Ejin Jeong ’22, a freshman, spent part of the evening looking at one of Degas’s ballerinas. “The last time I saw one of those was at a museum in Chicago. Coming to this event made me love Harvard more and think, wow, it’s a real privilege to go here,” Jeong said.   

Mahnoor Ali ’19, a senior, agrees that the event encourages Harvard students to notice the artistic treasures that lie just off the Yard. “It’s an incredible privilege to be so close to this space of creativity and to the cultural archive that stands so near our dorm. To come from a suburb in California, where it’s an hour’s drive to get to a museum, to a place where I could in an instant surround myself with art is such an amazing revelation that occurred to me my freshman year,” Ali said. 

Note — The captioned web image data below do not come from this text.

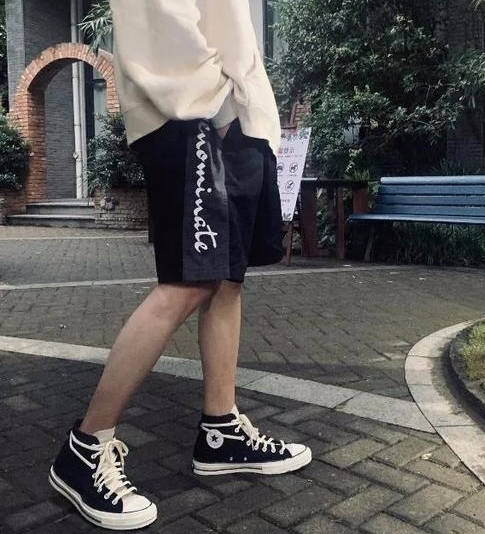 冷色|身价三倍翻！匡威和FOG联名线上发布！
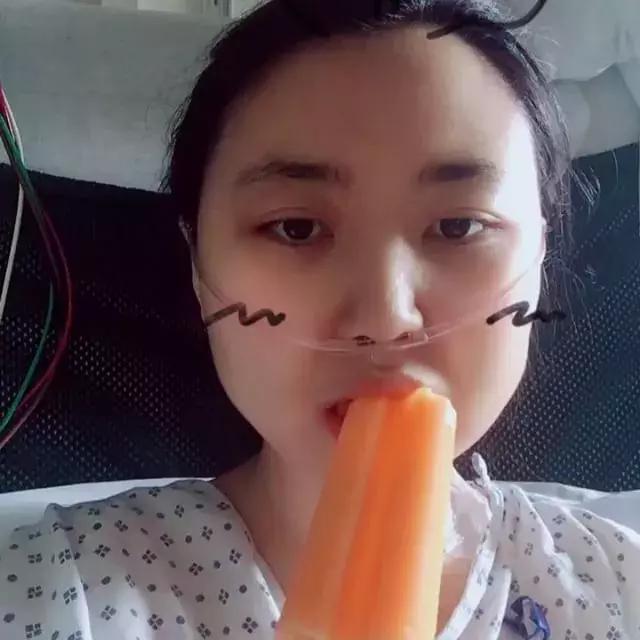 一个经历三次心脏手术，却依旧坚强，用水彩把伤痛化作星辰的女孩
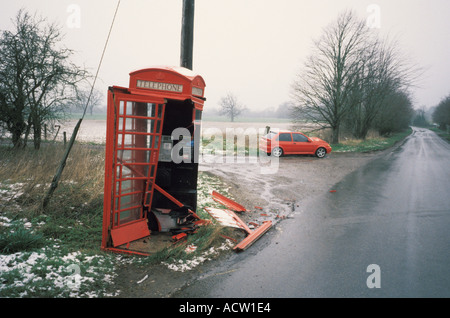 In der Nähe von hat Wiltshire England Telefon Box Kiosk zerstört durch Auto Automobil bei Verkehrsunfall RTA Stockfoto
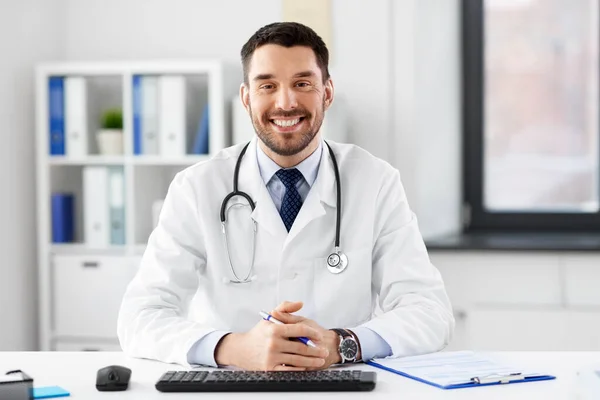 Homme heureux médecin avec stéthoscope à l'hôpital — Photo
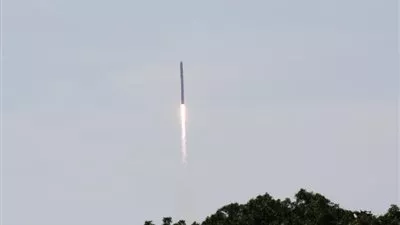 إطلاق صاروخ 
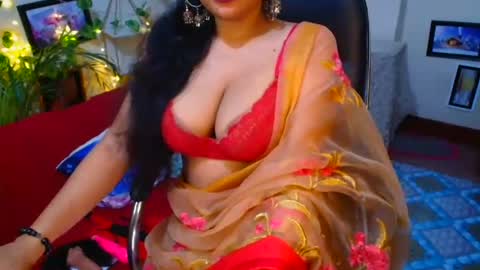 Snapshot of sweetsour18 chatting on September 25, 12:03 am SweetSour online show from September 25, 12:03 am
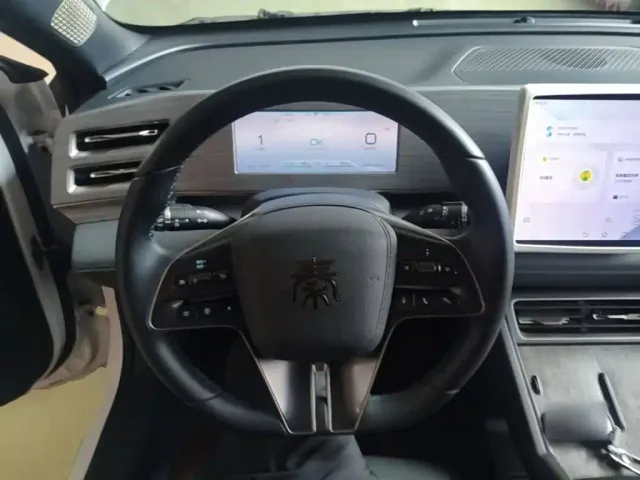 BYD Qin L — Фото автомобиля 10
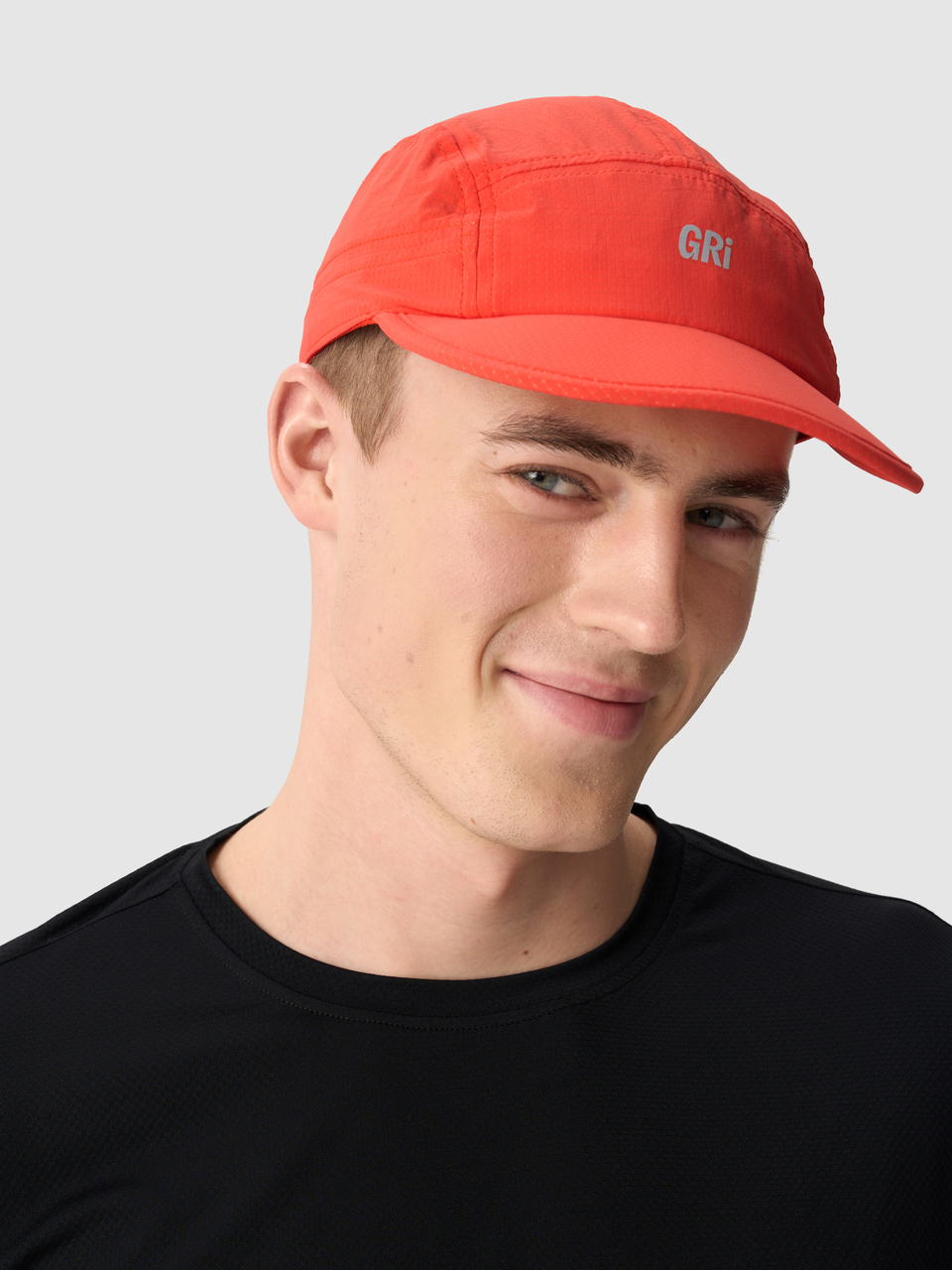 Кепка GRI красная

Another purpose of the event is to show students the ways they can get involved at the museums. Ali is a student tour guide and has spent a considerable amount of her Harvard career at the museums. “One of my dreams for Harvard’s future is for students to feel like not stepping into the museums on a regular basis would be a waste of this amazing resource. There’s a Van Gogh just down the street—go see it! Student Late Night is a great event because it brings in students that may not normally come to the museums. I think the hope is that it will foster a long relationship between students and the museums,” she said. 

Some of the pieces students could look at throughout the evening were curated by student Maia Suazo-Maler ’19, a senior history of art and architecture concentrator. After taking a neuroaesthetics class last fall, Suazo-Maler worked with the professor, Nancy Etcoff, to select objects to display in the University Study Gallery this semester, when the course is being offered again. “It was cool to have the opportunity to not only select the works but also orient them within the space, and have a go at creating a small narrative and trying my hand at curation,” said Suazo-Maler. 

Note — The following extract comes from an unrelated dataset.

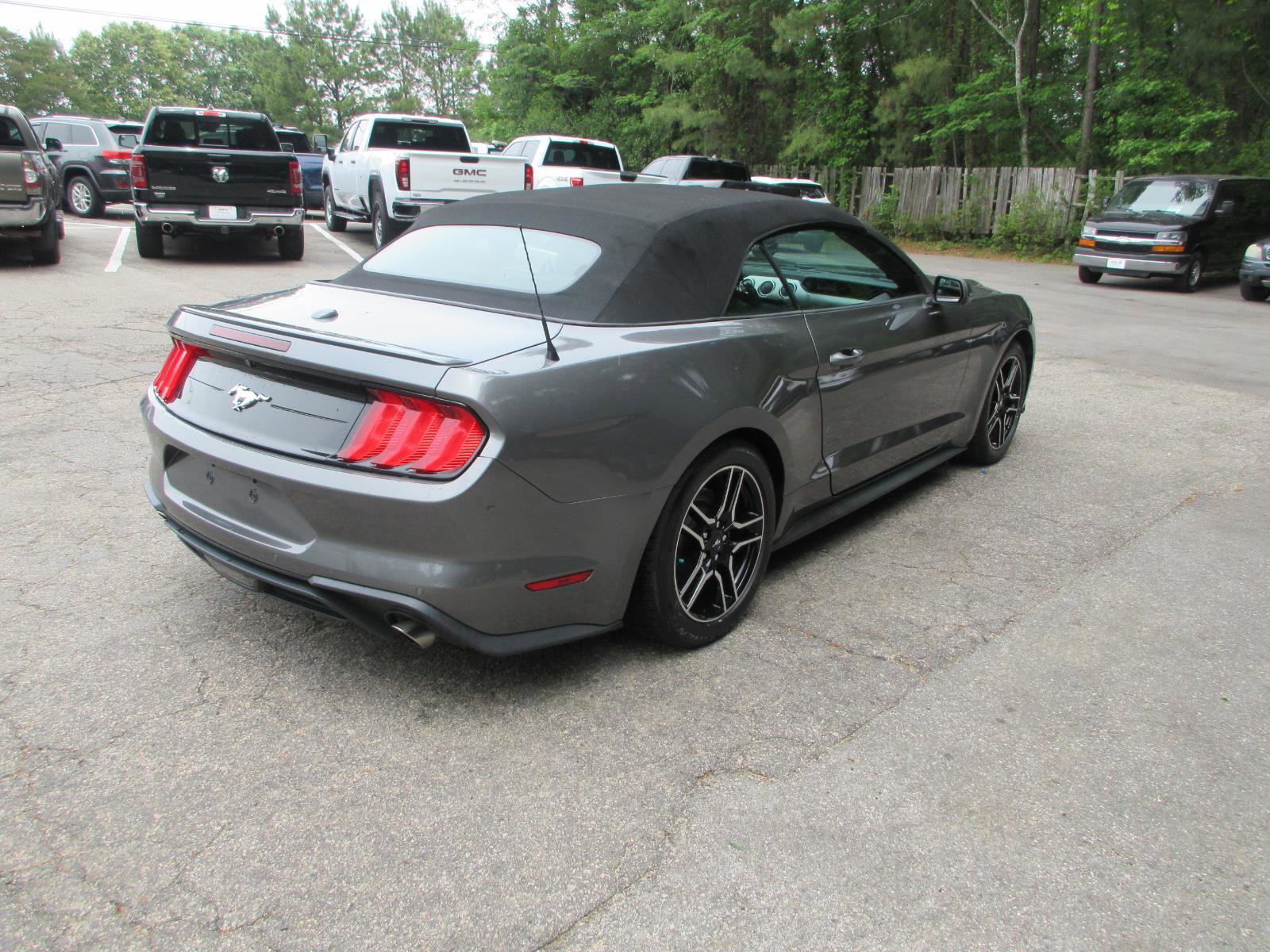 Used 2021 Ford Mustang Premium RWD image 5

She remembers the strong impression the Student Late Night left on her when she first got to Harvard. “As a freshman, I remember being a little scared of the art museums; it was daunting. I didn’t know I was going to end up studying art history. To have an event that was very student-oriented was really welcoming and shows the students, ‘this place is for you.’ If you don’t have time to go to the art museums because you’re an athlete or because of your class schedule, to have this late night opportunity really demonstrates how the Harvard Art Museums cater to a student audience.” 

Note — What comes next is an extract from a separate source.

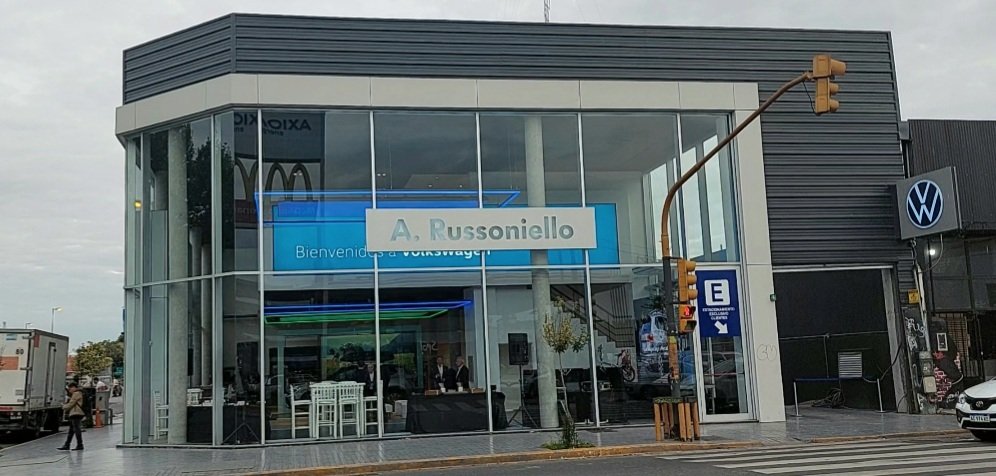 autoexecutiveAR's tweet photo. 🔝 Esquina emblemática: Rólon y Panamericana en Boulogne. En noche de gran festejo inauguración de otra #VW de #Russoniello que lleva el New Brand Desing de @vwargentina 📽 Mirá en #AutoexecutiveTV cómo es la flamante concesionaria 👉https://t.co/if3QOvlw51 https://t.co/eg8q5c5jEF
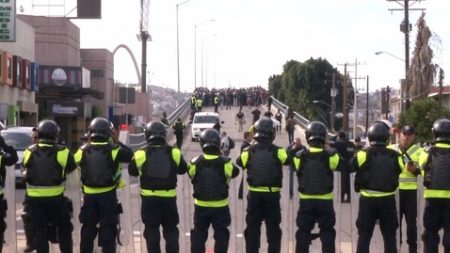 Caravana de migrantes pode estar planejando “invasão em massa” na fronteira dos EUA (Vídeo)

The porous boundary between student body and art museum that exists at Harvard has offered me some of my favorite experiences as a student. Each year of my time at Harvard has looked different: a new class enters, my dorm room changes, campus reinvents itself in some way. But Max Beckmann’s self-portrait has hung on the same wall of the Harvard Art Museums since I was a freshman in 2015, and I can still find the same sweeping views of Cambridge on the fourth floor. And when I graduate, I know that there will always be a chair in the Calderwood Courtyard open for me, and that familiar works will continue to line the walls long past my time on campus.
 

Rebecca Dolan is a senior at Harvard University concentrating in English.